RECORDS PROVIDED:
□ □ □ □

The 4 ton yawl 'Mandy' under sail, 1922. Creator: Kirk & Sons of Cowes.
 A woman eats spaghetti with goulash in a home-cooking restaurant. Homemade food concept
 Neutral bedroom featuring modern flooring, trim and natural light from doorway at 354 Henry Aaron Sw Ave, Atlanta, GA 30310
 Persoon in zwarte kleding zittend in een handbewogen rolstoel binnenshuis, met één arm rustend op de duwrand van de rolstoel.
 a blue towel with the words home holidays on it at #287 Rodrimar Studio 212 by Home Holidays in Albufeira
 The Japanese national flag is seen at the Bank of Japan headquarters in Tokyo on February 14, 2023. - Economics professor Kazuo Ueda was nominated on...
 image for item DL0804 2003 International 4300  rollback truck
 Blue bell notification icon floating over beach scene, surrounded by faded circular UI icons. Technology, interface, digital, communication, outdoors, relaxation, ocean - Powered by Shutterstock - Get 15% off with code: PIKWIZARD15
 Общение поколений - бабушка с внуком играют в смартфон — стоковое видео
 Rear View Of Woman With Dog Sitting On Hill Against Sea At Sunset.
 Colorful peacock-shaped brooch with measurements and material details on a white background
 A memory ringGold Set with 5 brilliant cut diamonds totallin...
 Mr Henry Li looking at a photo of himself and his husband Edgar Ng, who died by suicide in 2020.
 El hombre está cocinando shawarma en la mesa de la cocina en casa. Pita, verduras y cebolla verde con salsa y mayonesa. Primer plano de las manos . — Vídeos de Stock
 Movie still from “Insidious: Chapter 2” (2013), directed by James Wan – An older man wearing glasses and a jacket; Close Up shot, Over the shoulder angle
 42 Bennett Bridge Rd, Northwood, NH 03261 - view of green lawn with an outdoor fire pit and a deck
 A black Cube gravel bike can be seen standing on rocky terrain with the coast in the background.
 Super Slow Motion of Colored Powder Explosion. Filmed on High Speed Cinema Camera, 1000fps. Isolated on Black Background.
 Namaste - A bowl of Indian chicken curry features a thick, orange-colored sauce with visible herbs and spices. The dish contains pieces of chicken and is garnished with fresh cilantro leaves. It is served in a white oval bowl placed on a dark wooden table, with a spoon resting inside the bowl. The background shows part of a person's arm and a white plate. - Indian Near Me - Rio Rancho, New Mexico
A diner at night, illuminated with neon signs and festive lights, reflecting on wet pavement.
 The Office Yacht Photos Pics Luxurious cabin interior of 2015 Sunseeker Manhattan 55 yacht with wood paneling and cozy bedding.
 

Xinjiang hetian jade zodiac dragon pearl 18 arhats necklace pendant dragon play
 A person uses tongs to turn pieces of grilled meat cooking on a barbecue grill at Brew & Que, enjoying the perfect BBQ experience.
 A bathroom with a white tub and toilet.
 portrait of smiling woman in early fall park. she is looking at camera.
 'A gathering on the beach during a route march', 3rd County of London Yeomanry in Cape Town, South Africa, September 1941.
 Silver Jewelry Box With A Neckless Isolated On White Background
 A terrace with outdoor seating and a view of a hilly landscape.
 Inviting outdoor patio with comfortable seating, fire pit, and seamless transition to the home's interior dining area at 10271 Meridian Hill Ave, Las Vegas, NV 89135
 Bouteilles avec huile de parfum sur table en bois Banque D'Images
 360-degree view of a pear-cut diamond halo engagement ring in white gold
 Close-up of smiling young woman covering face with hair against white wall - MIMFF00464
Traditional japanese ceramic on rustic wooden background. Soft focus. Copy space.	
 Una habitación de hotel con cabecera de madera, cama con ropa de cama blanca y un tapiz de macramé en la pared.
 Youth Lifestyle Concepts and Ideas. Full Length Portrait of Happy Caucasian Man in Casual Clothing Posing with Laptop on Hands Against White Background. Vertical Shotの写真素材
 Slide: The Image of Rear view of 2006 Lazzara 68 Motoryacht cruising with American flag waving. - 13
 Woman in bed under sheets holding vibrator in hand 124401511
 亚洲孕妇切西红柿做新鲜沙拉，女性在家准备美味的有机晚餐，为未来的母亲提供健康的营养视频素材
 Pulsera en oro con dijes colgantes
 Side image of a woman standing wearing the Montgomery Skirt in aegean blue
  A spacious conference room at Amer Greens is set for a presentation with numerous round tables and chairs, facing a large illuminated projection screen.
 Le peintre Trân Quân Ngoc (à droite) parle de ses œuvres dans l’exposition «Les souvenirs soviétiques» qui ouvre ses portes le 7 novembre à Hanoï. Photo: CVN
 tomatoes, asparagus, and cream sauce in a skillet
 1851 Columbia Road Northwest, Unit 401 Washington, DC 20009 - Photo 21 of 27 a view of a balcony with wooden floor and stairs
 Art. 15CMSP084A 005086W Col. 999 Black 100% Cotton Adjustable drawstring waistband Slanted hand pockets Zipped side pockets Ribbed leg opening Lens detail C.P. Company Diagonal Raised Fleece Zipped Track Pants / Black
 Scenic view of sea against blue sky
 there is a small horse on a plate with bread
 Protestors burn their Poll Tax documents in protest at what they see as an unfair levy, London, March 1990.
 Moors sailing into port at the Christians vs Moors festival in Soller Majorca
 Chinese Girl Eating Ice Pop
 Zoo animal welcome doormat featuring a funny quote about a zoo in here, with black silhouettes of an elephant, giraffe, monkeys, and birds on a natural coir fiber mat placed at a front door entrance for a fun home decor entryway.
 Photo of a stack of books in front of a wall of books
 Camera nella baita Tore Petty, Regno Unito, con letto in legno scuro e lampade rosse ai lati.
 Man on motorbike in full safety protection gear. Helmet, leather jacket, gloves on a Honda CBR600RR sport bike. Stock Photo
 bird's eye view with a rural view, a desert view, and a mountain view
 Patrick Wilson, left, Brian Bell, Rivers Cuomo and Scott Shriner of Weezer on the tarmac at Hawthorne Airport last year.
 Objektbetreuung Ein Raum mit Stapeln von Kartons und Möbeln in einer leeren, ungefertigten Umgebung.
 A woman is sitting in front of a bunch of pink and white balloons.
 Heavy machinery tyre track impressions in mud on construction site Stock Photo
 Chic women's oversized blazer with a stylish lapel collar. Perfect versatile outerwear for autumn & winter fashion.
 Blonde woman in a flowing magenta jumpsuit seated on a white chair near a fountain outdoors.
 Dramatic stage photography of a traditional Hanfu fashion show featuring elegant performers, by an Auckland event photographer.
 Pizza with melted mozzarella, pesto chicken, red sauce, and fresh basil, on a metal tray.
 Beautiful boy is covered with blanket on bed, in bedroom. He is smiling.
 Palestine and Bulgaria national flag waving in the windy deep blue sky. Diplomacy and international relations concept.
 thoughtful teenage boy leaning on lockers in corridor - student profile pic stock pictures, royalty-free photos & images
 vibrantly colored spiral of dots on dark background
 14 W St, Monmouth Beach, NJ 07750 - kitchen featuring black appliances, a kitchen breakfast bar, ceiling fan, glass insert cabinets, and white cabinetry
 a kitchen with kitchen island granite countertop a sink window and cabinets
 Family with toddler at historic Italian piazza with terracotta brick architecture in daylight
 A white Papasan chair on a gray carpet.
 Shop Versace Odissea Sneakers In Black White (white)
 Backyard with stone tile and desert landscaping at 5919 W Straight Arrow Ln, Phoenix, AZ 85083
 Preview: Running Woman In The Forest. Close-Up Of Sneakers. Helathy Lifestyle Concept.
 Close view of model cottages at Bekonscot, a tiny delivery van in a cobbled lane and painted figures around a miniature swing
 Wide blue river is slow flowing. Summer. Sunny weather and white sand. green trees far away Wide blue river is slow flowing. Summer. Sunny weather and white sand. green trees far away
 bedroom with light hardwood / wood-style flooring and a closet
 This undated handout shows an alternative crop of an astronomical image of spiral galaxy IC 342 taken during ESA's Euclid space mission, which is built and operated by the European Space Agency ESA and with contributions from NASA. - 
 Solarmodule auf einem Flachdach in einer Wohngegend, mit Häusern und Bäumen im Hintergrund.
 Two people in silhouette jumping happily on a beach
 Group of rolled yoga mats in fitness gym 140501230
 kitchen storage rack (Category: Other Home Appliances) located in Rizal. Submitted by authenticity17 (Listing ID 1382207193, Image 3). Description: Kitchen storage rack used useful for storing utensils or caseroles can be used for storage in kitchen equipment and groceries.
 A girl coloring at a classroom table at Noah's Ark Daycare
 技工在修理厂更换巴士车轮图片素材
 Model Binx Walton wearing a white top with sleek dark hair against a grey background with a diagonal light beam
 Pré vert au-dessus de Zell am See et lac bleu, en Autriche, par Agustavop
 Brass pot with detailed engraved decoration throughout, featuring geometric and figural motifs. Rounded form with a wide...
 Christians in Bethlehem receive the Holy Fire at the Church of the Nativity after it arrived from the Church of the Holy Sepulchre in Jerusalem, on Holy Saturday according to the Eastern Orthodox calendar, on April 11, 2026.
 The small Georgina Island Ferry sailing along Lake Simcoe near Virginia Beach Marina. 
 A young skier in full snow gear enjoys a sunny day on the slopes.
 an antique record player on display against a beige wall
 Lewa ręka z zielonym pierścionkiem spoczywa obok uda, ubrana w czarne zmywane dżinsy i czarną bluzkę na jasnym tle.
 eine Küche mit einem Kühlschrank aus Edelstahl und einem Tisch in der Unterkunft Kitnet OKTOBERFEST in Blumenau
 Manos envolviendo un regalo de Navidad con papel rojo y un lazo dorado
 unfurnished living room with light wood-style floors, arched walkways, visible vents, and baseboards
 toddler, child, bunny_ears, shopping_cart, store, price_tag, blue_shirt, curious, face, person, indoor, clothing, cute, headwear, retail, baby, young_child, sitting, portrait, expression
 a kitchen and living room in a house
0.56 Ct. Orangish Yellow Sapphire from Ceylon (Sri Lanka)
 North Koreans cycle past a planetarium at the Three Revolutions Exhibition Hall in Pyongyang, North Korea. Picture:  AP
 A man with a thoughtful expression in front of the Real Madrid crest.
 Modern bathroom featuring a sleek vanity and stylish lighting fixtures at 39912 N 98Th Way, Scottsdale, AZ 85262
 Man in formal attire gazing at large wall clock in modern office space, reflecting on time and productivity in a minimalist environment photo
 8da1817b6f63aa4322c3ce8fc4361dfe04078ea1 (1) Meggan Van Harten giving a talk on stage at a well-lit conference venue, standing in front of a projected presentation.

□ □ □ □

WHAT NEEDS TO BE DONE: Taking the line with "Beautiful boy is" as the first and the line with "Palestine and Bulgaria" as the last, retype that stretch of the data above exactly, with no other lines.

ANSWER SPACE:
 Beautiful boy is covered with blanket on bed, in bedroom. He is smiling.
 Palestine and Bulgaria national flag waving in the windy deep blue sky. Diplomacy and international relations concept.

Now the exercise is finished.